[DATA BLOCK — start]

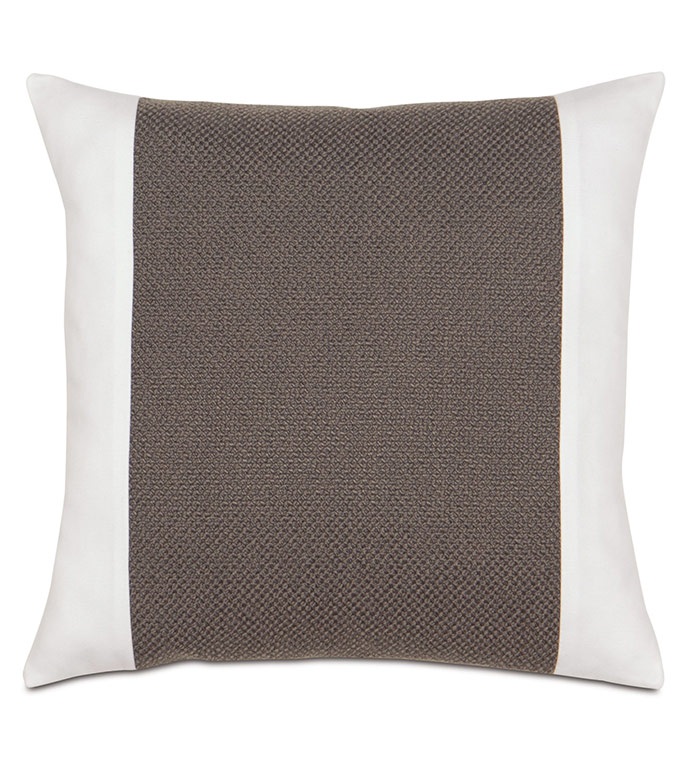 Crosby Charcoal Insert Pillow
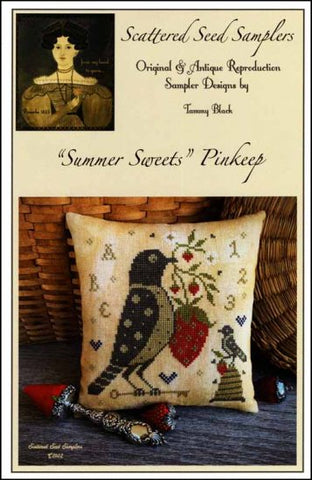 Summer Sweets Pinkeep by Scattered Seed Samplers Counted Cross Stitch Pattern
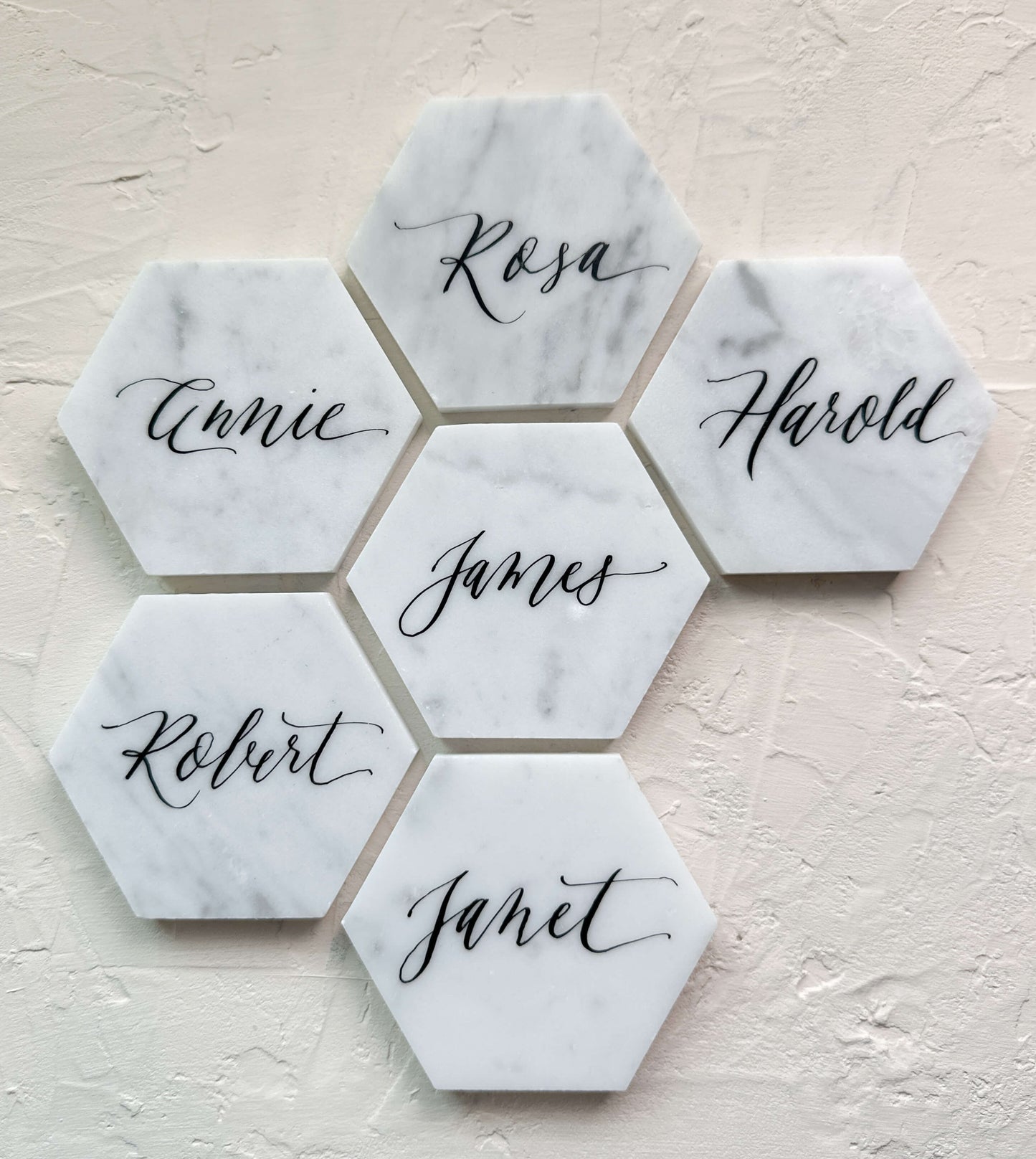 MARBLE ESCORT CARDS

[DATA BLOCK — finish]

• EXERCISE GOAL: When you retype the listing above, keep each line exactly as written and drop the pictures.

• RESPONSE TO THIS EXERCISE:
 Crosby Charcoal Insert Pillow
 Summer Sweets Pinkeep by Scattered Seed Samplers Counted Cross Stitch Pattern
 MARBLE ESCORT CARDS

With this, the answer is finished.